Material to process Block Start

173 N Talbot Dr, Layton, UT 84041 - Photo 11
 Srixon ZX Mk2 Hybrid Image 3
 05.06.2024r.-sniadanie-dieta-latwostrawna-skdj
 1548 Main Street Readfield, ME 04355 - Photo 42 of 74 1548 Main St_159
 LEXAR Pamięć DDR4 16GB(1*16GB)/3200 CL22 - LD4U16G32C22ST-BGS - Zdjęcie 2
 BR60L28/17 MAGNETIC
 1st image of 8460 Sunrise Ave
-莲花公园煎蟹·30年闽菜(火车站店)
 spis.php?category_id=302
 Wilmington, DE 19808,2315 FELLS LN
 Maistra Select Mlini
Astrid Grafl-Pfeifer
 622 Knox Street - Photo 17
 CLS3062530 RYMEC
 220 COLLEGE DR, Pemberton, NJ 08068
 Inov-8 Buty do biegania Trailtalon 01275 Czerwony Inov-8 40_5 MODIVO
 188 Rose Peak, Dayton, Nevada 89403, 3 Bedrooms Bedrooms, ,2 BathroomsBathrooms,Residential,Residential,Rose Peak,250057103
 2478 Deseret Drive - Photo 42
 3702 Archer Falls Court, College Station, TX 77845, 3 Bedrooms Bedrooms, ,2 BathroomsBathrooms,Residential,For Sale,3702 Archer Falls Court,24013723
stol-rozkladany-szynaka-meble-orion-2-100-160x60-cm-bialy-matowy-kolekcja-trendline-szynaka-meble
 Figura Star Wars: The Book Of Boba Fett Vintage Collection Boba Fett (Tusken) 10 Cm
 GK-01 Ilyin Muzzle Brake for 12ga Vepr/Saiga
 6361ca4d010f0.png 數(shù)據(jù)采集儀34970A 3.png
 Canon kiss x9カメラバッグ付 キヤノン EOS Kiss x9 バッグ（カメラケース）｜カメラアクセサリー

Material to process Block End

> _Requirement_:
Identify each line in the entries with the word "BathroomsBathrooms" and copy it.

> _Exercise result_:
 188 Rose Peak, Dayton, Nevada 89403, 3 Bedrooms Bedrooms, ,2 BathroomsBathrooms,Residential,Residential,Rose Peak,250057103
 3702 Archer Falls Court, College Station, TX 77845, 3 Bedrooms Bedrooms, ,2 BathroomsBathrooms,Residential,For Sale,3702 Archer Falls Court,24013723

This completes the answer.